The country pays US$25million monthly for unused power, as existing Power Purchase Agreements (PPA) enjoin the state to pay for all megawatts produced whether they are consumed or not, Energy Minister John Peter Amewu has told Parliament.

Speaking on the floor of Parliament on Friday, March 15, 2019, the sector minister said: “The issue of ‘take or pay’ without considering what Ghanaians will pay is gone. Under this president’s watch, we are beginning to consider a regime of ‘take and pay’. You cannot continue to pay for goods and services that you are not consuming; that era has gone”.

According to him, due to the numerous PPAs, the country has been saddled with overcapacity payments averaging about US$25million monthly.
To minimise this, he said, “We are engaging in renegotiating the PPAs to bring these costs down to the barest minimum in the interim.

“We believe that the issue of take and pay must begin to trickle down to every Ghanaian. We will continue to make sure that the highly excessive regime of tariffs being imposed will no longer be witnessed by any Ghanaian.”
Gas purchase agreements have been signed without considering what the benefit will be, and this government has taken the trouble to negotiate the OTCP price – with the price brought down to a margin of US$2. That translates to about US$50million relief per annum for the consuming public, the minister noted.

Ghana’s power system experienced a number of network disturbances between March 12 and 13, 2019 – which resulted in the interruption of power supply to customers. The disturbances were due to challenges at the newly-commissioned Accra Central substation.

In his statement, he indicated that these challenges have occurred when there is already an on-going five-day outage that has been imposed on the 330kV transmission line between Tema and Aboadze for relocation of two towers on the line, at the request of the Ghana Highway Authority to enable construction of a new interchange at Pokuase.

“The fundamental cause of the blackout is the ongoing construction of the road interchange at Pokuase, which has necessitated the diversion of GRIDCo’s 330kV transmission line towers that run from Tema to Aboadze in the vicinity.
“This requires creating an outage of the entire line to undertake the diversion,” he said.

The power system of Ghana has an installed generation capacity of 4,775MW. Available generating capacity is 2,641 MV currently, with the maximum peak demand recorded so far in 2019 at around 2,600MW.

It is expected that when some unavailable plants are brought back into operation, the quantum of available capacity will increase.
“For the power system to function effectively, all the components in the value chain – namely generation, transmission and distribution – must be in good shape.

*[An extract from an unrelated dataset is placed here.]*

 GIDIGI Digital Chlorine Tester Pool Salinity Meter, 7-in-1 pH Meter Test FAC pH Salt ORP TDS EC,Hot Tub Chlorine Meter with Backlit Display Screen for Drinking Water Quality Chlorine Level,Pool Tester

Therefore, you may have enough available capacity, but if the transmission system experiences a challenge, just like we witnessed in the past few days, we occasionally experience temporary outages. This is also true if the transmission system is intact but faces inadequate generation.”

The private sector participation in ECG that is meant to bring about improvement in the distribution subsector became effective on March 1, 2029, with the concessionaire, Power Distribution Service (Gh) Limited, taking over the assets and operations of ECG for a period of 20 years.

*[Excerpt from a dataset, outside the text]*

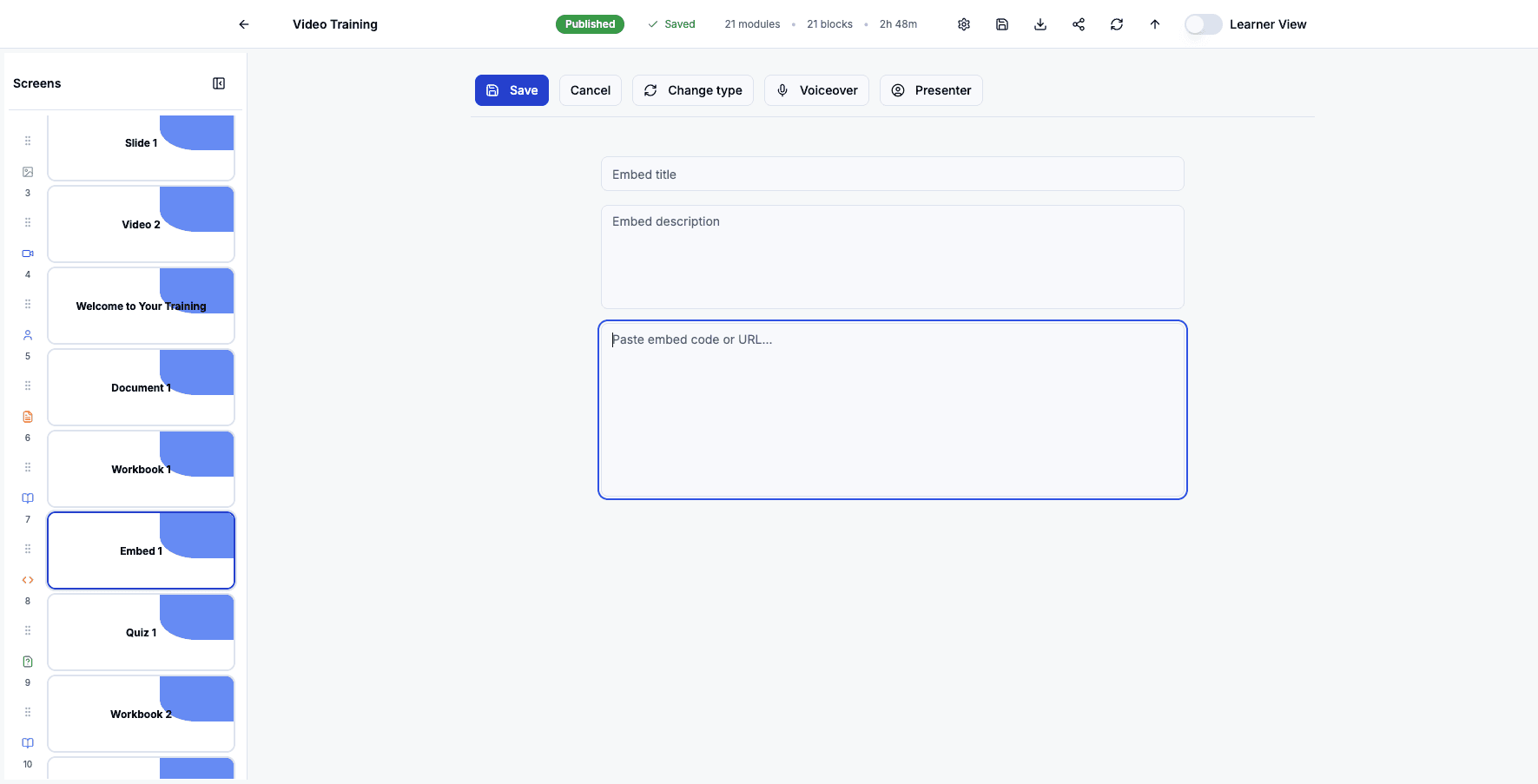 Click the embed field again to ensure your code is properly entered.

To reduce dependence on liquid fuels and their attendant costs, the Offshore Cape Three Points (OCTP) Sankofa project was developed to utilise gas for power generation as a cheaper and cleaner substitute for liquid fuels.

“The OCTP Sankofa gas is ready, but the facilities to offtake the gas are not. We are currently making efforts to relocate the 450MW Karpowership, currently at Tema and running on Heavy Fuel Oil (HFO), to Sekondi and enable an offtake of 90MMbtu per day – representing about 50% of OCTP gas production.

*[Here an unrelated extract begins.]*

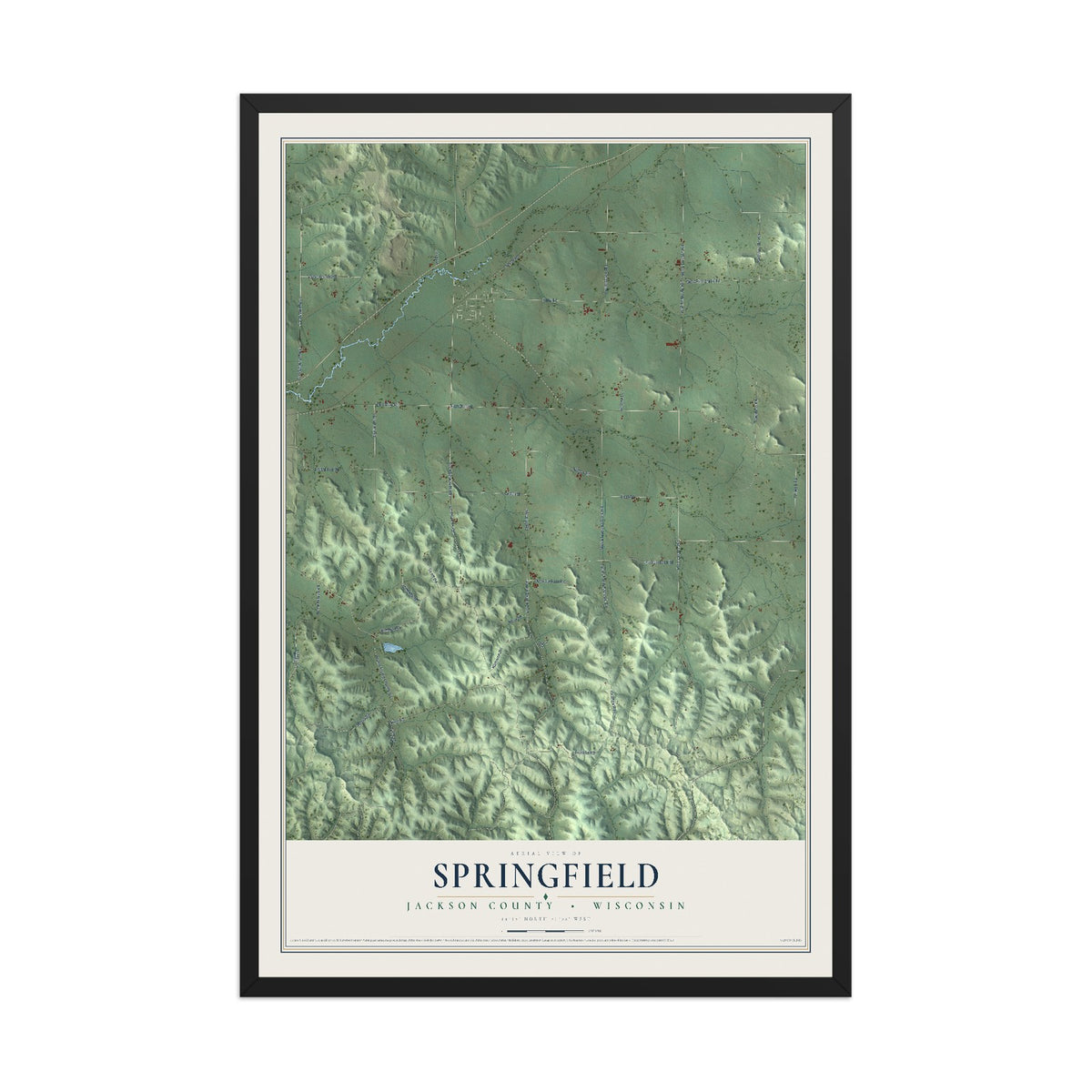 Map of Springfield, Jackson County, Wisconsin, 12 x 18 inch print in a black wood frame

“This will minimise onerous potential ‘take or pay’ obligations to GNPC and government under the OCTP agreement,” he noted.
The movement of the 450MW Karpowership from Tema to Sekondi-Takoradi will lead to the avoidance of gas transportation cost of US$1,68/MMbtu.

That is, US$55million per annum the country would have paid for the transportation of gas.
In spite of the minister’s statement, the Member of Parliament for Yapei Kusawgu-John Jinapor, maintained that the power sector as it stands now is financially bankrupt; and that the current debt overhang stands at GH₵13billion.

These debts are mainly owed to GRIDCo and the Volta River Authority.
He indicated that government is moving to renegotiate a new power purchase agreement, the ‘take and pay’ arrangement which is expected to be more cost-effective, Energy Minister John Peter Amewu has told parliament.

The Energy Minister has accused the previous NDC government of arranging a ‘take or pay’ agreement which he says has incurred more cost to the country.